Alright be honest, how many thoughts did you hear? I’m betting for most of you it was a lot – me too! The thing is, our brains do our most effective work when we’re present and fully tuned into the task at hand. That means we work both more quickly, and more accurately! But in the age of smart phones our attention spans are dwindling to nothing. How often do you sit down to do a task and find yourself checking your phone part way through? And how often do you try to do three things at once because you think it’ll get them done quicker? (Hint: it won’t). Luckily, over the last decade there have been more and more studies myth-busting the so-called benefits of multi-tasking. I imagine this won’t be the first time you’ve heard it said. But what does this mean for your time management?
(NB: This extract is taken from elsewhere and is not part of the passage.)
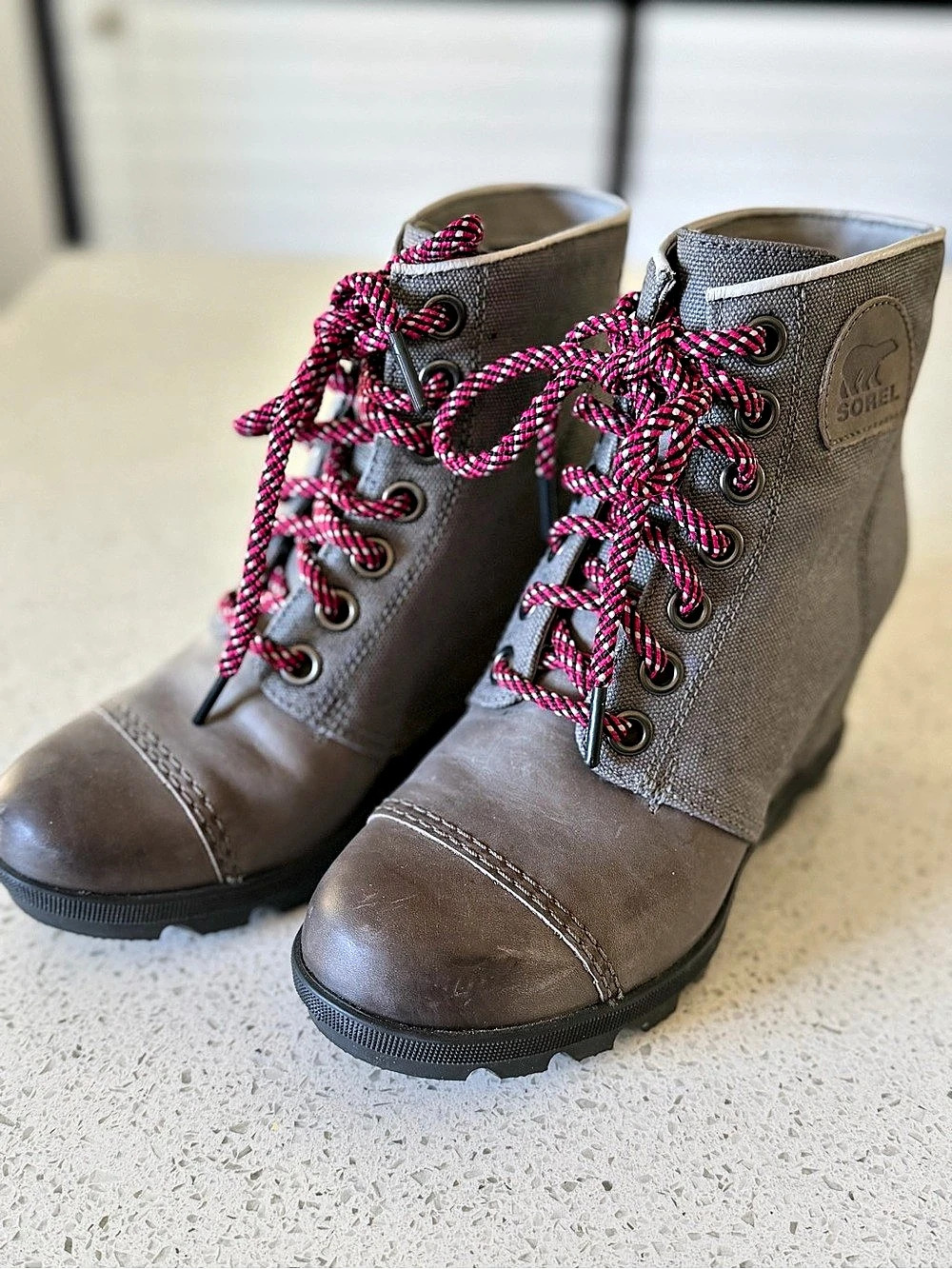 Sorel Joan of Arctic Wedge Boots in Brown & Gray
A couple of months ago, a man on Instagram messaged me to ask, ‘how can I do well at school, be successful at karate, progress in my job, and have a healthy relationship at the same time?’. My answer is that you can’t. But you can have each in the moment that you are focusing on it. When you’re studying, only think about the material in front of you. When you’re training, put 100% into every movement. When you’re at work, do every task to the best of your ability. When you’re with your partner, love them in the best way you can, pay attention to them, be present. When you put your everything into whatever you’re doing as you do it, you will progress more quickly and you’ll enjoy the moment more. It’s science. So when you’re with your children, just be with them – work can wait. You get the idea.

It’s impossible to do everything, but it’s possible to make time for the priorities, especially when you’re making the most effective use of your time by being present. Yes, it’s difficult at first, you’ll have to stand up for yourself and defend your choices, you’ll have to tackle the onslaught of invading thoughts and emotions when you start doing what’s best for you and what you care about, but after a few months you’ll look back and think WOAH – I did all of that, rather than meeehhhh I didn’t do all of THIS! Pick what you really care about, and then go after it. Be both creative and ruthless with your time – it is your life force. Don’t waste another second.